> **DIRECTIONS**:
The lines to repeat are those below from the one containing "1789 Corners Court, Atlanta, GA 30338" down to the one containing "Spare part service", both included; reproduce them exactly and nothing else.

=== EXERCISE MATERIALS ===

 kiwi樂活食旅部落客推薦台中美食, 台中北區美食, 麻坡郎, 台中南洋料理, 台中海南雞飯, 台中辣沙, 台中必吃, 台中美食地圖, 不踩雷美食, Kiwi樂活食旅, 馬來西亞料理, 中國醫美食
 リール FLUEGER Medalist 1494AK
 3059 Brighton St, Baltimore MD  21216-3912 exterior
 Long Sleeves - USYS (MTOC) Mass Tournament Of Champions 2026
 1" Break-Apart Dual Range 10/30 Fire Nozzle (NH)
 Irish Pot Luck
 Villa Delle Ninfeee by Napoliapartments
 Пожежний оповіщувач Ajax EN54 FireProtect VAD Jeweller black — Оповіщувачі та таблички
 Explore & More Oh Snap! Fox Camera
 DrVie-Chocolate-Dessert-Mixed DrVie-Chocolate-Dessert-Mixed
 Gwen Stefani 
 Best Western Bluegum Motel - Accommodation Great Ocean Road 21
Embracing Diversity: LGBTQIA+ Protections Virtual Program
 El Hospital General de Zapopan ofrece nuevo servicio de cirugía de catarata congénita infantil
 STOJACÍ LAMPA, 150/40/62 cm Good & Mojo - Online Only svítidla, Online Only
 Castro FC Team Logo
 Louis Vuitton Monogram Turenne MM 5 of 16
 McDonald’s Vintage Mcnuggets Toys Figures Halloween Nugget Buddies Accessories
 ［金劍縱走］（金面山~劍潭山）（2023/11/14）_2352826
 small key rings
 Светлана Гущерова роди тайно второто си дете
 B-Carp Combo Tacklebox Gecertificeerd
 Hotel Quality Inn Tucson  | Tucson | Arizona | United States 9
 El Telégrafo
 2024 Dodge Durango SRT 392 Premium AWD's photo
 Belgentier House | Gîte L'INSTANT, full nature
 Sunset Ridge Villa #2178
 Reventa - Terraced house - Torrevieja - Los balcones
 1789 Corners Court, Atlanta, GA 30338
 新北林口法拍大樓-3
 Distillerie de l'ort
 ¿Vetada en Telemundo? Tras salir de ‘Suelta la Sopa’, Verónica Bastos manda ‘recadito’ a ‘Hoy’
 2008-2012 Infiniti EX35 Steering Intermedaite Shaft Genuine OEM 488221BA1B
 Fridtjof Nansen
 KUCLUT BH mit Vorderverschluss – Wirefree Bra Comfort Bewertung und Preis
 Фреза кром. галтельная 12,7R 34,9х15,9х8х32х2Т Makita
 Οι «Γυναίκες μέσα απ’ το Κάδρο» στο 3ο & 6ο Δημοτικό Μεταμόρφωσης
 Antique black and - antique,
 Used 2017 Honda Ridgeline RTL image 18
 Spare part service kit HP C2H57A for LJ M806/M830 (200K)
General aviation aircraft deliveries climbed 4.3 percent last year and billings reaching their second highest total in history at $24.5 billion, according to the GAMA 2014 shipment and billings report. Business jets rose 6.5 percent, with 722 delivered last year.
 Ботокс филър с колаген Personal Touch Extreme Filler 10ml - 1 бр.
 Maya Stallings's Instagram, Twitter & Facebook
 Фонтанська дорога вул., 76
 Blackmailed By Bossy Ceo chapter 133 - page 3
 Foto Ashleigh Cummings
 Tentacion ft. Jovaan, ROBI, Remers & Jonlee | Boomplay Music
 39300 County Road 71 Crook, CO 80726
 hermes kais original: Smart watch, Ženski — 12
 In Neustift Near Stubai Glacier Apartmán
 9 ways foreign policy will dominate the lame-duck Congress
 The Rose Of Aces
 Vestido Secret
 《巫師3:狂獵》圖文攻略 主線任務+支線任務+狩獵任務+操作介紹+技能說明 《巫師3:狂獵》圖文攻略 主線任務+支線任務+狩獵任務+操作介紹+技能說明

===

> **TASK OUTPUT**:
 1789 Corners Court, Atlanta, GA 30338
 新北林口法拍大樓-3
 Distillerie de l'ort
 ¿Vetada en Telemundo? Tras salir de ‘Suelta la Sopa’, Verónica Bastos manda ‘recadito’ a ‘Hoy’
 2008-2012 Infiniti EX35 Steering Intermedaite Shaft Genuine OEM 488221BA1B
 Fridtjof Nansen
 KUCLUT BH mit Vorderverschluss – Wirefree Bra Comfort Bewertung und Preis
 Фреза кром. галтельная 12,7R 34,9х15,9х8х32х2Т Makita
 Οι «Γυναίκες μέσα απ’ το Κάδρο» στο 3ο & 6ο Δημοτικό Μεταμόρφωσης
 Antique black and - antique,
 Used 2017 Honda Ridgeline RTL image 18
 Spare part service kit HP C2H57A for LJ M806/M830 (200K)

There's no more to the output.